Таким образом, государи перекраивали мир своей властью. Если представить материальные условия, в которых они управляли этим древним миром — таким разрозненным, таким трудным для сообщения, таким разнородным, остается лишь удивляться, что эти монархические государства просуществовали так долго и оставили такой глубокий след в самых разных странах. Перемещаясь лишь на лошадях и лодках, цари умудрялись следить за своими землями, передавать свои приказы, получать новости и сообщения. Конечно, они вели войны, поскольку это был непреложный закон, которому подчинялся греческий и варварский мир. Но они также создавали и сохраняли сложные политические союзы, поощряли инициативы, помогали народу, потому что это была их функция, по крайней мере, они были в этом убеждены, и общественное мнение это признавало. Вряд ли столь здравомыслящее и столь изысканное общество просто так позволило бы воплотиться верховной власти в одном-единственном человеке. Несомненно, они смутно ощущали необходимость такой исключительной персонализации власти: эффективность и долговременность системы позволяли это предполагать. Во всяком случае, то, что этот исторический феномен так долго сосуществовал с социальными, политическими и ментальными рамками греческого полиса, не нарушая их, придавало эллинистической эпохе поразительную оригинальность.
Глава 8
ПОВСЕДНЕВНАЯ ЖИЗНЬ И НРАВЫ
Как жили люди в этом столь обширном и разноликом эллинистическом мире, где сосуществовали две такие разные формы государства, как полис и монархия — и та и другая собственно греческие, — которые поддерживали между собой сложные и противоречивые отношения? Как изменились с классической эпохи рамки повседневной жизни? Как повлияли на обычаи и нравы эллинов деятельность Александра и его преемников? На эти вопросы мы попытаемся ответить, сосредоточившись на наиболее оригинальных аспектах греческой цивилизации этого трехсотлетнего периода.

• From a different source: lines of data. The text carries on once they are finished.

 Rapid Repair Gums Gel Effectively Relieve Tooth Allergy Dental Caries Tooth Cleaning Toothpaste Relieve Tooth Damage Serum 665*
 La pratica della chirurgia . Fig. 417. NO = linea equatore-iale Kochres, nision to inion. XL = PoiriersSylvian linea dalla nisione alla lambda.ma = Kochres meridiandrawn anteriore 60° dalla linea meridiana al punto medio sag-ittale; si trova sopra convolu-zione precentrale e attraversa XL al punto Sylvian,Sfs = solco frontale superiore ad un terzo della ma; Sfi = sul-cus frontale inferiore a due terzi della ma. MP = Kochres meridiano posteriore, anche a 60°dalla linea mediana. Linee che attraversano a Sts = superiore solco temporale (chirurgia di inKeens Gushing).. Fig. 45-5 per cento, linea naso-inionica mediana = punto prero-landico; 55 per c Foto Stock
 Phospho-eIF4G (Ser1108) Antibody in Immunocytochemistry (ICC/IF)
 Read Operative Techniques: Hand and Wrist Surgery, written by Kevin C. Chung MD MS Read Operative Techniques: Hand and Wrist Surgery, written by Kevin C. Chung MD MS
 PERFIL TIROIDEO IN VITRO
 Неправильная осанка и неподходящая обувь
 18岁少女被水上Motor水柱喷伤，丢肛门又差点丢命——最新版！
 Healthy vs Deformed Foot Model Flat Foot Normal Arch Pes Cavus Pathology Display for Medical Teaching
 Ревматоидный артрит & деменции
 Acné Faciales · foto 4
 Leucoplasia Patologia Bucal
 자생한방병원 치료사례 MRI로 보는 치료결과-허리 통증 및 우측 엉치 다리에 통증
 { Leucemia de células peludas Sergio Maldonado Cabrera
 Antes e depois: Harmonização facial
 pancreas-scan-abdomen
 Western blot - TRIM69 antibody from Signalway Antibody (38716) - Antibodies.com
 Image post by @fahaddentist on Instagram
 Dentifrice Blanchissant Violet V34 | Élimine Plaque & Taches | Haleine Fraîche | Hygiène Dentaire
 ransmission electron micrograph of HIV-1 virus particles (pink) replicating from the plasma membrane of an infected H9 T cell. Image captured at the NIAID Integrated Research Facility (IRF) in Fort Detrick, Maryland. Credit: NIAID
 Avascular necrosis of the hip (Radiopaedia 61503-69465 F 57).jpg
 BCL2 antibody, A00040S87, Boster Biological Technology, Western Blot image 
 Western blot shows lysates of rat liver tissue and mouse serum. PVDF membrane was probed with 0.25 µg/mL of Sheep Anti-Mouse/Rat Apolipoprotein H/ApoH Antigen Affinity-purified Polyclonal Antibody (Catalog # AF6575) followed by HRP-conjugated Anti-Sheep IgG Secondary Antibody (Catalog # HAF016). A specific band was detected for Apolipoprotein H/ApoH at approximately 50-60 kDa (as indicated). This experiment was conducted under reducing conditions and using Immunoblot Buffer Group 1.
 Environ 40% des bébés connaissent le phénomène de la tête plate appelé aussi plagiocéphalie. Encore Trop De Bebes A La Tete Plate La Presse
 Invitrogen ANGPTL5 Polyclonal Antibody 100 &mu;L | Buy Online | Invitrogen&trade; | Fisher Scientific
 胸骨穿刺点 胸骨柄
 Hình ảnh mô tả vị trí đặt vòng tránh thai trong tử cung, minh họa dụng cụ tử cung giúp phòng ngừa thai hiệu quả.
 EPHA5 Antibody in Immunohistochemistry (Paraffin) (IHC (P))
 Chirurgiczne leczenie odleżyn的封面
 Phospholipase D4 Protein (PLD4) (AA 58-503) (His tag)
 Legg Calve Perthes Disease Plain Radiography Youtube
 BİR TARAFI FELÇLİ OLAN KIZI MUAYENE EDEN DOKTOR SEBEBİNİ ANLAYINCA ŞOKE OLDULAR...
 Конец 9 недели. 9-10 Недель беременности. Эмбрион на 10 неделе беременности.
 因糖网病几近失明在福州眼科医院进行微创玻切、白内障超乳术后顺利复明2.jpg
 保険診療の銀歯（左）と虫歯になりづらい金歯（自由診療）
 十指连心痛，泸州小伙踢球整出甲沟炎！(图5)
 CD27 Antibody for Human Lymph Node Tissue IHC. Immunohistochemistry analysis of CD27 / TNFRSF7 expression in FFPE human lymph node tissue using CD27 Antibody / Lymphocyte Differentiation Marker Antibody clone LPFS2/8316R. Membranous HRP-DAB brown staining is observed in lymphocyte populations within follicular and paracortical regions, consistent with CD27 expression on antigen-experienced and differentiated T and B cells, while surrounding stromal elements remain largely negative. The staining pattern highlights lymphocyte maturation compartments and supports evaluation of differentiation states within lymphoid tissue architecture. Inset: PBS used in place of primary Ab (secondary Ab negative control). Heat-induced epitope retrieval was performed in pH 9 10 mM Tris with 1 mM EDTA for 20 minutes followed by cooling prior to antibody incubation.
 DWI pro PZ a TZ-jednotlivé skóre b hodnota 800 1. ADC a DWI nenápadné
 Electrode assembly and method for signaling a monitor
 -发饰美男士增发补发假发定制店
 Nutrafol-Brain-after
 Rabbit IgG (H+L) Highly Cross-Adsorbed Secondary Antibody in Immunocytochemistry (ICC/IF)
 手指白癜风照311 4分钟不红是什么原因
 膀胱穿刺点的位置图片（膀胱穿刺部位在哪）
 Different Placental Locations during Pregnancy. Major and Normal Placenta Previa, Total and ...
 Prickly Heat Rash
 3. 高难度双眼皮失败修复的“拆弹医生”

Разумеется, во многом, особенно в Элладе, изменения в обычаях не были существенными. Но, естественно, имела место эволюция по отношению к классической эпохе, где, впрочем, уже в IV веке до н. э. появились предвестники этой эволюции, столь очевидные, что, как говорилось во введении к этой книге, некоторые современные историки возводят начало эллинистической эпохи к середине IV столетия до н. э. Если, таким образом, архаическую и классическую цивилизацию греческого мира можно было представить в относительно простой и последовательной форме, то здесь речь идет уже не о том, чтобы нарисовать другую, столь же последовательную картину, но внести в прежнюю необходимые уточнения относительно того, что подверглось изменениям. Замечания, приведенные далее, не преследуют цель дать обобщенную картину жизни этой эпохи — слишком богатой и слишком сложной, чтобы ее можно было упрощать.